Input tensor tensor:
 {tensor([[ 0, -1,  1],
        [ 1, -1,  0],
        [-1,  2,  1]])}
-------------Matrix addition-------------
Adding the following 2D tensor to itself
 tensor([[ 0, -1,  1],
        [ 1, -1,  0],
        [-1,  2,  1]])
 + tensor([[ 0, -1,  1],
        [ 1, -1,  0],
        [-1,  2,  1]])
tensor + tensor:
 tensor([[ 0, -2,  2],
        [ 2, -2,  0],
        [-2,  4,  2]]) 

Test if + gives the same result as tensor.add(): True 

-------------Matrix multiplication-------------
Multiplying a 2D tensor with its transpose tensor.T
tensor
 tensor([[ 0, -1,  1],
        [ 1, -1,  0],
        [-1,  2,  1]])
tensor transpose
 tensor([[ 0,  1, -1],
        [-1, -1,  2],
        [ 1,  0,  1]])
tensor @ tensor:
 tensor([[ 2,  1, -1],
        [ 1,  2, -3],
        [-1, -3,  6]]) 

Test if @ gives the same results as tensor.matmul(): True 

-------------Matrix element-wise product-------------
Elementwise multiplication of a tensor with itself:
tensor
 tensor([[ 0, -1,  1],
  

In [17]:
# sum/item/type
print('Summing up all elements of tensor:\n', tensor, '\n')
agg = tensor.sum() # get the sum of all elements of the tensor
print('The sum of all elements of this tensor is 1x1 tensor: ', agg, '\n') # a tensor with one element
agg_item = agg.item() # item() will convert a tensor (single element) to a numerical value
print('tensor.item() changes a tensor with single element to a scalar:', agg_item, '\nCheck the type of the scalar:', type(agg_item))

Summing up all elements of tensor:
 tensor([[ 0, -1,  1],
        [ 1, -1,  0],
        [-1,  2,  1]]) 

The sum of all elements of this tensor is 1x1 tensor:  tensor(2) 

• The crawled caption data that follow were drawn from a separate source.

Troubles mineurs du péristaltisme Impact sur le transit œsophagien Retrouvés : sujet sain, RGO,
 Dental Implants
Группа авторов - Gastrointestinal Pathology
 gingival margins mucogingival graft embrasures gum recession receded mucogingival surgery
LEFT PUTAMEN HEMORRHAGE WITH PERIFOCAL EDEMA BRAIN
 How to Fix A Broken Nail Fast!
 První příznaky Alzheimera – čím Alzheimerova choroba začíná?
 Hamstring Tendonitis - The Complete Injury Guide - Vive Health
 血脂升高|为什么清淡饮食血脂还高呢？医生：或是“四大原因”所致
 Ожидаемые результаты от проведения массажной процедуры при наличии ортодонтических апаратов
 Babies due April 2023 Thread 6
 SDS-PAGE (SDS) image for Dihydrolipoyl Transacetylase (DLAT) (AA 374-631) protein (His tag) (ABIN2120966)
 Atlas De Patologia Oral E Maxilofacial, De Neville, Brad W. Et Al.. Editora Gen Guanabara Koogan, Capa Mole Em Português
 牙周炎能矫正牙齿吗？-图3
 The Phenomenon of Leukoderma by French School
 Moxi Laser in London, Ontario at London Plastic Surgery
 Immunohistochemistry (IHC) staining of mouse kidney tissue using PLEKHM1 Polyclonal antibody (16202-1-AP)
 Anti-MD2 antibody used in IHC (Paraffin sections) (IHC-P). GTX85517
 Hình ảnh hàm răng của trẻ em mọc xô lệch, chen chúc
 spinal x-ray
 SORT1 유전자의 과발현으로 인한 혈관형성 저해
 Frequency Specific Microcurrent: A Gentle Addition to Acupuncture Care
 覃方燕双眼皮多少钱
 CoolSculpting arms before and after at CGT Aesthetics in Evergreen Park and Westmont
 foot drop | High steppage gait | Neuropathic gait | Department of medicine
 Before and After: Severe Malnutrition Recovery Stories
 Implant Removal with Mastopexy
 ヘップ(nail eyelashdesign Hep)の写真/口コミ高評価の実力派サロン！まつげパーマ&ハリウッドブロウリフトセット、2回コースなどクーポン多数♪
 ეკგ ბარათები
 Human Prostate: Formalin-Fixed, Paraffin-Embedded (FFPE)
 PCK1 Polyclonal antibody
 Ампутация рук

tensor.item() changes a tensor with single element to a scalar: 2 
Check the type of the scalar: <class 'int'>


In [18]:
# in-place operations
print(tensor, "\n")
tensor.add_(5) # it will change all the elements in tensor itself by adding 5 to each.
print(tensor)

tensor([[ 0, -1,  1],
        [ 1, -1,  0],
        [-1,  2,  1]]) 

tensor([[5, 4, 6],
        [6, 4, 5],
        [4, 7, 6]])


# Create a Neural Network

Now we build a simple classical deep neural network model, which only has one convolutional layer. 

### Network Structure
- We create a new class named `SimpleCNN`, which inherited from `nn.Module` (a built-in class from Pytorch).
- The model below consists of an `__init__()` portion which is where you **include the layers and components of the neural network**. In our model, we have a convolutional layer denoted by `nn.Conv2d(...)`. We are dealing with an image dataset that is in a grayscale so we only need one channel going in, hence `in_channels=1`. We hope to get a nice representation of this layer, so we use `out_channels=32`. Kernel size is 3, and for the rest of parameters we use the default values which you can find [here](https://pytorch.org/docs/stable/generated/torch.nn.Conv2d.html#torch.nn.Conv2d). 
- After the convolutional layer, we have a flatten operation on the incoming data, which will transform the tensor into a one-dimensional tensor by specifying the `start_dim` and `end_dim`. Here, we transform the tensor to a size of `(1, 26*26*32)`. If you would like to find out how to calculate those numbers refer to [this](https://pytorch.org/docs/stable/generated/torch.flatten.html?highlight=flatten#torch.flatten). 
- We use two back-to-back **dense layers** to the incoming data. Notice for `d1` we have a dimension 128 representing the size we want as output and `26*26*32` representing the dimension of the incoming data. In short, the dense layer transforms the input data into a specific dimension. The same applies for the second linear transformation (`d2`) where the dimension of the output of the previous linear layer was added as `in_features=128`, and `10` is just the size of the output which also corresponds to **the number of classes**.
- After each one of those layers, we also apply an **activation function** such as `ReLU`. `ReLu` is a common and useful function for activation. The output has the same shape as the input. For prediction purposes, we then apply a `softmax` layer to the last transformation and return the output of that. If you want to know the math in these operations, you can search [Pytorch Doc](https://pytorch.org/docs/stable/index.html).
- *Forword Pass* refers to the **calculation process**, values of the output layers from the inputs data. It's traversing through all neurons from first to last layer.
- *Backward Pass* refers to the **counting changes in weights**, using **gradient descent algorithm **(or similar). Computation is made from last layer, backward to the first layer.


In [19]:
class SimpleCNN(nn.Module):
    def __init__(self, in_channel=1): # default setting of channels to be 3 - color images
        super(SimpleCNN, self).__init__()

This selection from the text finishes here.